> [The task]: Reproduce exactly the lines from the one that holds "Noel Gallagher's High" through the last line of the entries, both ends included, but not the pictures.

Web page caption snippets

####################

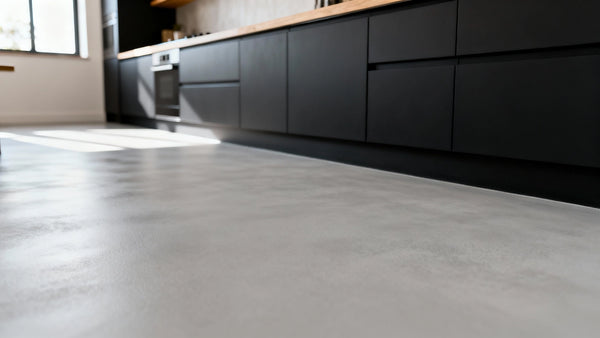 Comprar Kit di microcemento per pavimenti cucina senza fughe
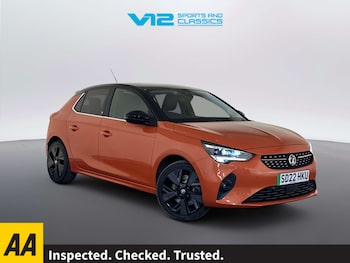 Used Vauxhall Corsa 2022 for sale - 77836420: Photo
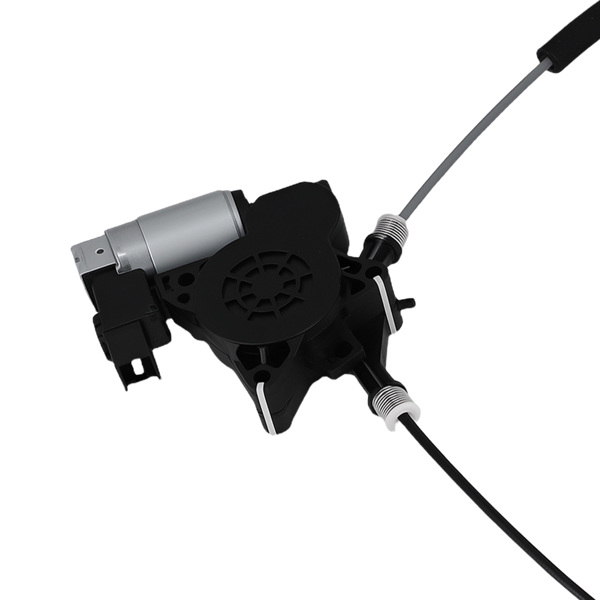 2-Pin Front Driver Side Window Regulator Assembly fit for Mazda 3 2004-2009-3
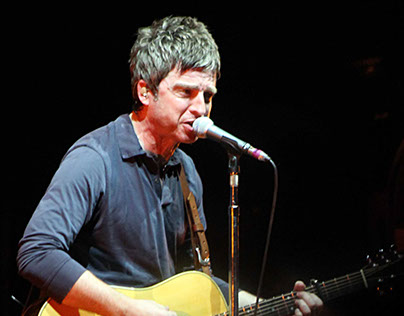 Noel Gallagher's High Flying Birds - Luna Park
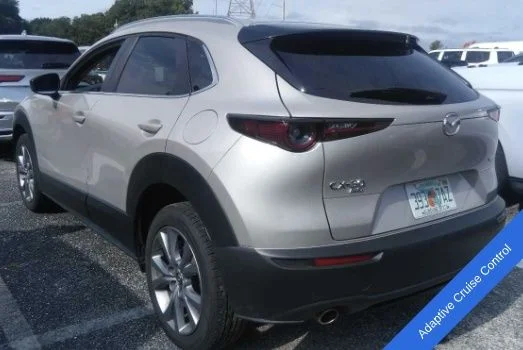 Used 2024 Platinum Quartz Metallic Mazda 2.5 S Preferred Package image 4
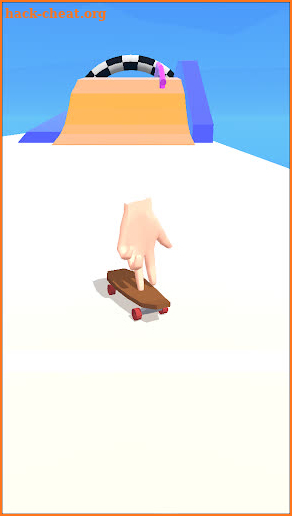 Skate Fingers screenshot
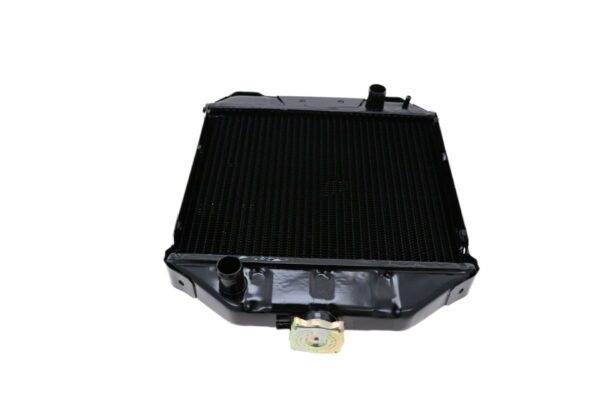Radiateur Yanmar YM195, YM240, YM1700 (Rood), YM2000 (Rood), - Afbeelding 2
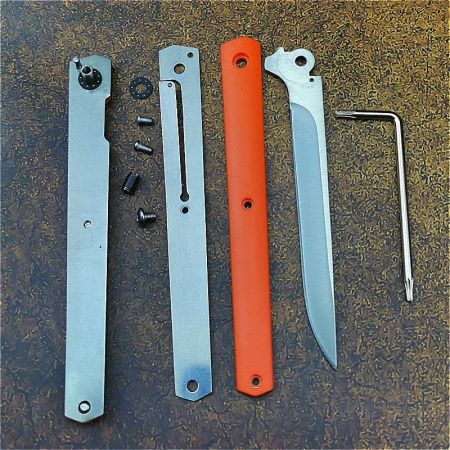 Нож складной Aiboduo M390 873A Нож складной Aiboduo M390 873A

####################

> [Output for this task]:
 Noel Gallagher's High Flying Birds - Luna Park
 Used 2024 Platinum Quartz Metallic Mazda 2.5 S Preferred Package image 4
 Skate Fingers screenshot
Radiateur Yanmar YM195, YM240, YM1700 (Rood), YM2000 (Rood), - Afbeelding 2
 Нож складной Aiboduo M390 873A Нож складной Aiboduo M390 873A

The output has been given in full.